Arrêtons-nous maintenant devant une abeille qui bâtit son alvéole suivant les règles immuables de son espèce, ou devant une araignée qui tisse sa toile et la dispose de telle sorte qu’elle atteigne son but : capturer des mouches. Là, point de tâtonnements : l’insecte va devant soi avec la sûreté d’un vieux praticien. Nous ne dirons pas qu’il agit intelligemment. Son habileté, nous l’expliquons par l’instinct, et l’instinct s’oppose à l’intelligence. Cependant, ici, plus que dans le cas précédent, il y a adaptation des moyens à une fin.

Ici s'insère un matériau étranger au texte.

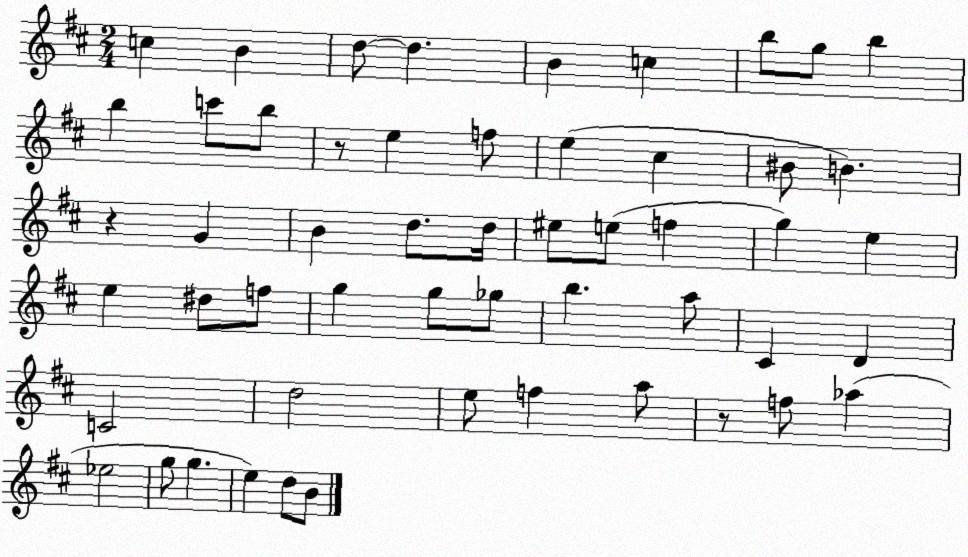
X:1
T:Untitled
M:2/4
L:1/4
K:D
c B d/2 d B c b/2 g/2 b b c'/2 b/2 z/2 e f/2 e ^c ^B/2 B z G B d/2 d/4 ^e/2 e/2 f g e e ^d/2 f/2 g g/2 _g/2 b a/2 ^C D C2 d2 e/2 f a/2 z/2 f/2 _a _e2 g/2 g e d/2 B/2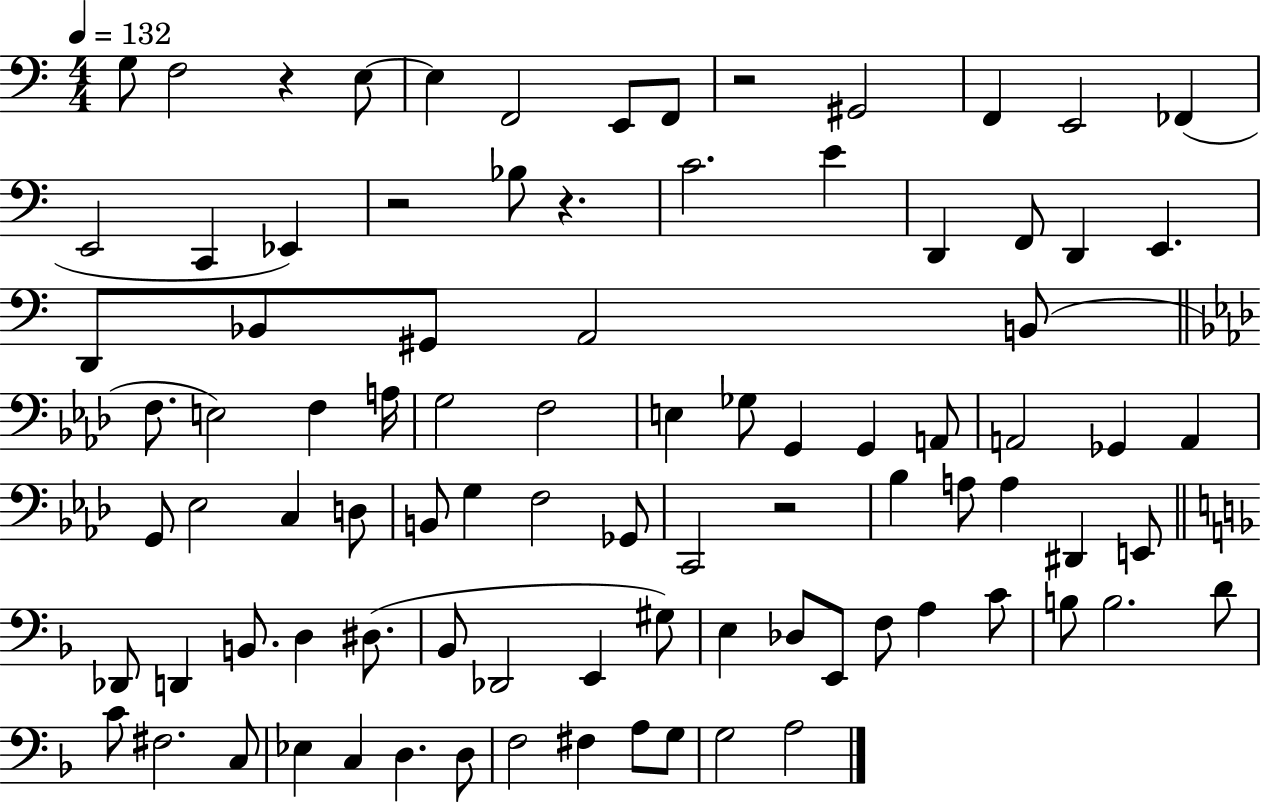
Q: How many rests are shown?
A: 5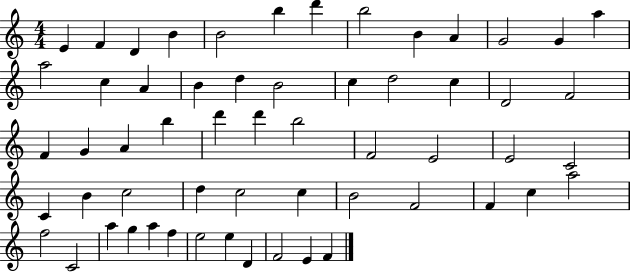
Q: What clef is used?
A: treble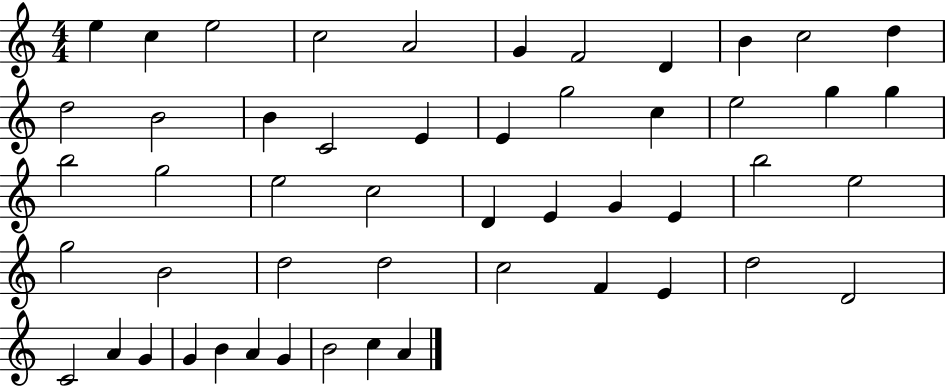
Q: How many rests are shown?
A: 0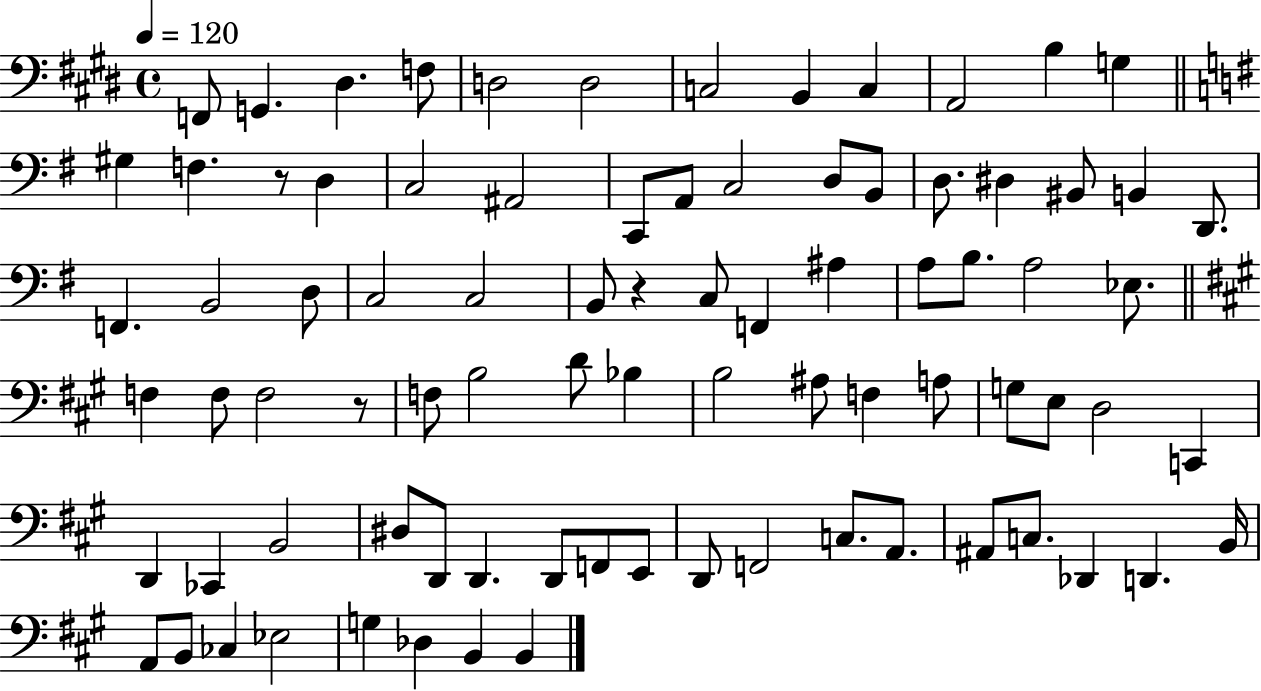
F2/e G2/q. D#3/q. F3/e D3/h D3/h C3/h B2/q C3/q A2/h B3/q G3/q G#3/q F3/q. R/e D3/q C3/h A#2/h C2/e A2/e C3/h D3/e B2/e D3/e. D#3/q BIS2/e B2/q D2/e. F2/q. B2/h D3/e C3/h C3/h B2/e R/q C3/e F2/q A#3/q A3/e B3/e. A3/h Eb3/e. F3/q F3/e F3/h R/e F3/e B3/h D4/e Bb3/q B3/h A#3/e F3/q A3/e G3/e E3/e D3/h C2/q D2/q CES2/q B2/h D#3/e D2/e D2/q. D2/e F2/e E2/e D2/e F2/h C3/e. A2/e. A#2/e C3/e. Db2/q D2/q. B2/s A2/e B2/e CES3/q Eb3/h G3/q Db3/q B2/q B2/q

Si nous passons à l’homme, nous retrouverons les activités adaptées, et cependant inintelligentes, observées chez l’animal. Nous aussi, nous procédons parfois par sélection de tâtonnements fortuits, retenant pour les reproduire ceux que nous savons procurer l’effet désiré. C’est ainsi que procède le paysan pour le choix de ses engrais, ou même le médecin pour celui des remèdes. Ce procédé est propre à la méthode empirique, celle dans laquelle l’intelligence joue le rôle le plus effacé.

Il n’est guère chez l’adulte du moins, de savoir-faire instinctif, mais on y trouve, multiplié, leur équivalent : les routines. Voici un artificier vieilli dans le métier. Il sait préparer à coup sûr les mélanges qui produiront les plus fortes explosions ou les couleurs les plus agréables; il adapte parfaitement les moyens à la fin. Cependant, nous ne dirons pas qu’il est intelligent.

Ce n’est donc pas l’intelligence seule qui adapte les moyens aux fins. Par suite, nous devons conclure que la définition de l’intelligence par l’adaptation des moyens à la fin ne peut pas  être retenue : elle ne convient pas au seul défini.

Que faut-il donc pour que l’adaptation soit attribuée à l’intelligence? Qu’elle soit déterminée par la connaissance des rapports qu’il y a entre les moyens et la fin. Chez l’oiseau habitué à ouvrir sa cage en se posant sur le perchoir dont le mouvement déclenche l’ouverture, chez l’insecte suivant rigoureusement les rites ancestraux, il y a  une association de représentations ou de mouvements : il n’y a point d’intuition des rapports qui existent entre ces divers mouvements. De même, l’ouvrier artificier sait quel produit donnera à la flamme une teinte verte ou rouge : il ignore pourquoi la teinte est de cette couleur. Il semble donc qu’une définition de l’intelligence convenant à tout le défini et au seul défini serait la suivante : l’intelligence est la faculté de percevoir des rapports.
On doit à Descartes la formule la plus célèbre de la philosophie universelle de tous les temps, le «  Je pense, donc je suis » que n’ont cessé de méditer les philosophes. Car Descartes marque une étape fondamentale dans l’histoire de la pensée; il existe désormais un avant et un après.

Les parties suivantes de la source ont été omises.